Q3) Given a paragraph (upto 1000 characters) with all the spaces and puncuation removed, and a list of up to 50 words (each up to 50 characters) determine a ’tiling’ of the paragraph using the words (each word may be used 0 or more times) which maximizes the value of the square of the longest consecutive tiled sequence minus the number of uncovered characters.
This is a big jump in difficulty and I have to say that I probably would not have gotten this one out. It is fairly obviously dynamic programming, the problem comes in determining the right way to achieve it. My first guess was to dynamic program over the first N characters, with the last M covered, but I realised I also needed have the largest consecutive cover P as a variable parameter too. This meant that the dp space was length cubed, way too large. After looking at another competitors solution I now see the correct approach. Use dynamic programing to calculate the minimum number of uncovered tiles for a range starting at i and finishing at j. This can be achieved by starting with the minum for a range of one less length + 1, and then minimizing by checking which words match at the end of the range and using the minimum for the range minus the matched word. Note that the act of checking the words is quite expensive in the worst case, so pre caching whether each word matches for each location keeps the runtime under control.
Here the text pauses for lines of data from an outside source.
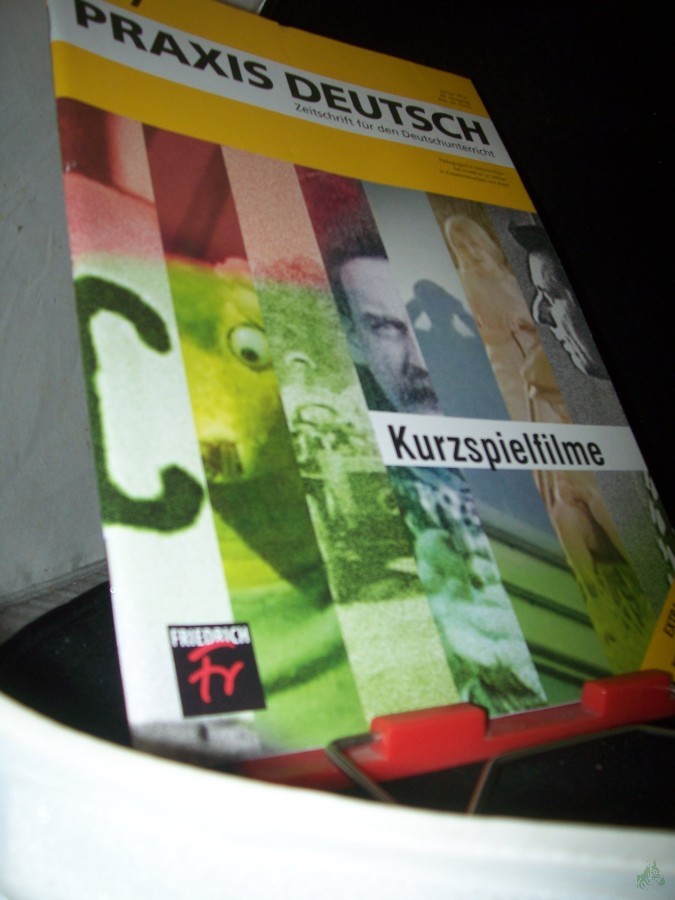 Artikelbild 1 des Artikels “1/2013, Kurzspielfilme “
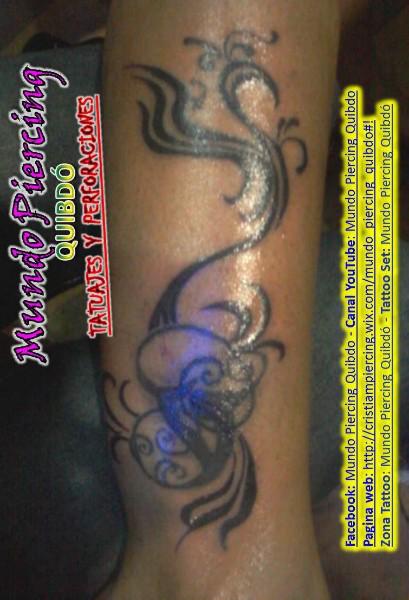 Ave Fenix Pierna 2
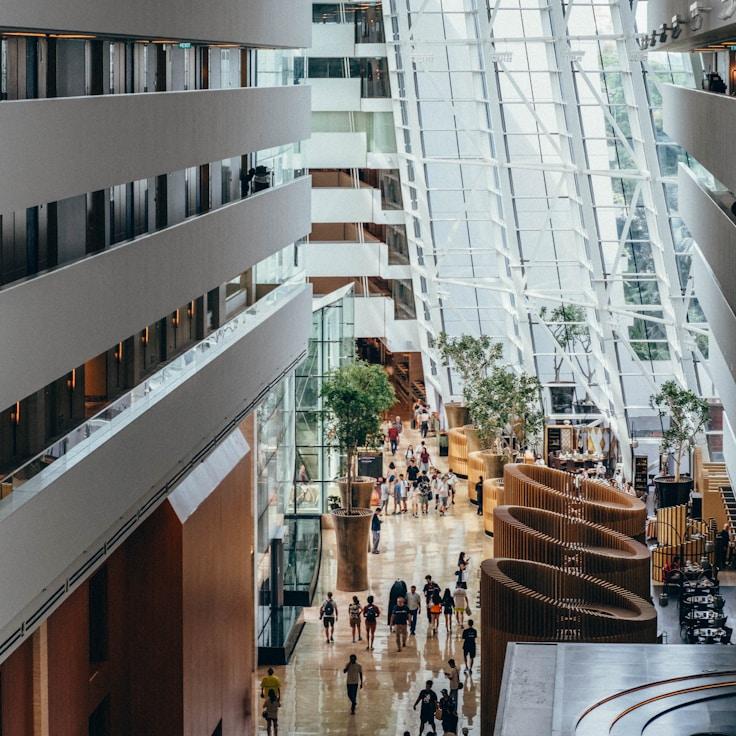 Family-friendly shopping and daily life in Italy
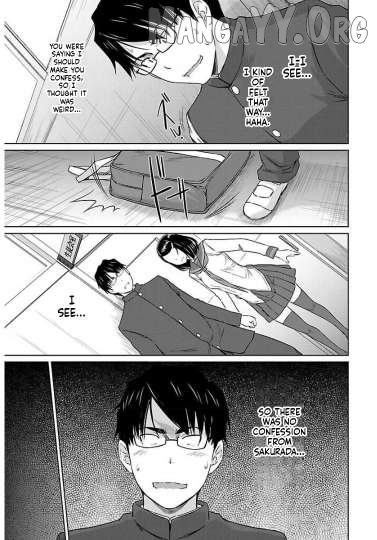 Renai Shikou Seitokai Chapter 27 - page 22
Once we have the minimum number of uncovered tiles for each possible range, we loop over each possible range where that minimum is 0, square the range length and subtract the minimum number of uncovered tiles before and after the range. Return the maximum of all of those possible values and -length. This works because although it doesn’t descriminate as to whether the range selected is the maximum consecutive uncovered section, when the maximum consecutive uncovered section is selected, it will receive a larger score because the number of uncovered tiles will be the same and the selected range length will be larger.